:: Data block

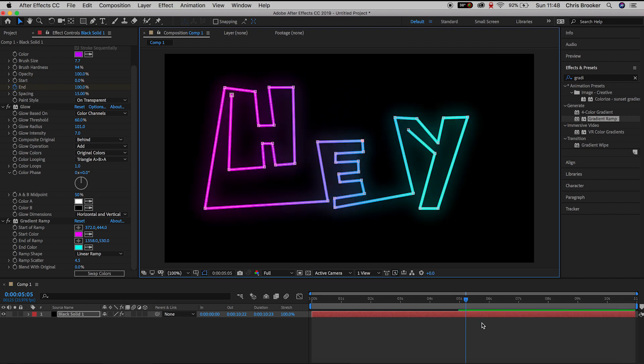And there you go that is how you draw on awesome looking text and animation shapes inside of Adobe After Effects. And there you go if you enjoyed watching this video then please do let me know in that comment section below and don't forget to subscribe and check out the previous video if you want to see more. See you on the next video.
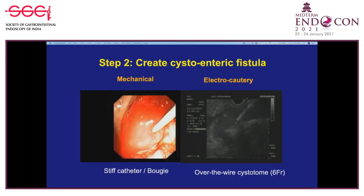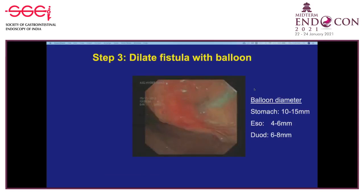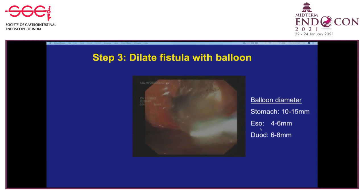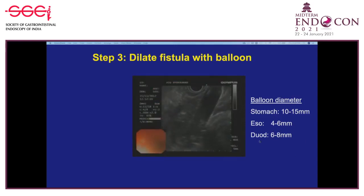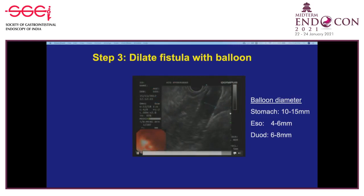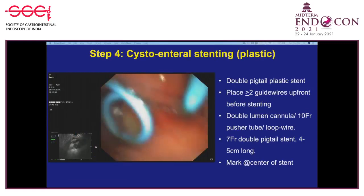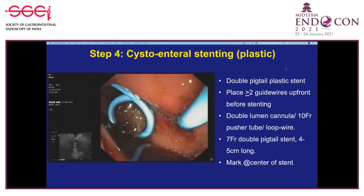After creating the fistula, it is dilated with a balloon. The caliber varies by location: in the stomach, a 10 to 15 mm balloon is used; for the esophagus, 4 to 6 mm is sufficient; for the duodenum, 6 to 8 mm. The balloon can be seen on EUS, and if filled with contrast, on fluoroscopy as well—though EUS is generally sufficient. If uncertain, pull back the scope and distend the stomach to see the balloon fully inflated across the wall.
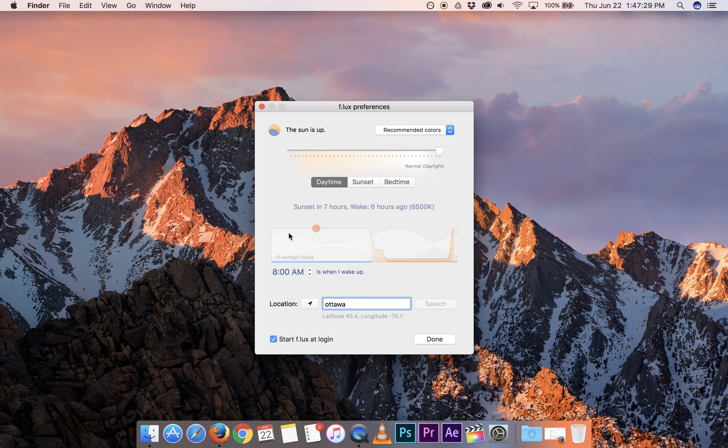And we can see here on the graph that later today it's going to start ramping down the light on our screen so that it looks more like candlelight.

::::

> Exercise description
The response must restate each line of the material above exactly and contain no images.

> Written solution
And there you go that is how you draw on awesome looking text and animation shapes inside of Adobe After Effects. And there you go if you enjoyed watching this video then please do let me know in that comment section below and don't forget to subscribe and check out the previous video if you want to see more. See you on the next video.
After creating the fistula, it is dilated with a balloon. The caliber varies by location: in the stomach, a 10 to 15 mm balloon is used; for the esophagus, 4 to 6 mm is sufficient; for the duodenum, 6 to 8 mm. The balloon can be seen on EUS, and if filled with contrast, on fluoroscopy as well—though EUS is generally sufficient. If uncertain, pull back the scope and distend the stomach to see the balloon fully inflated across the wall.
And we can see here on the graph that later today it's going to start ramping down the light on our screen so that it looks more like candlelight.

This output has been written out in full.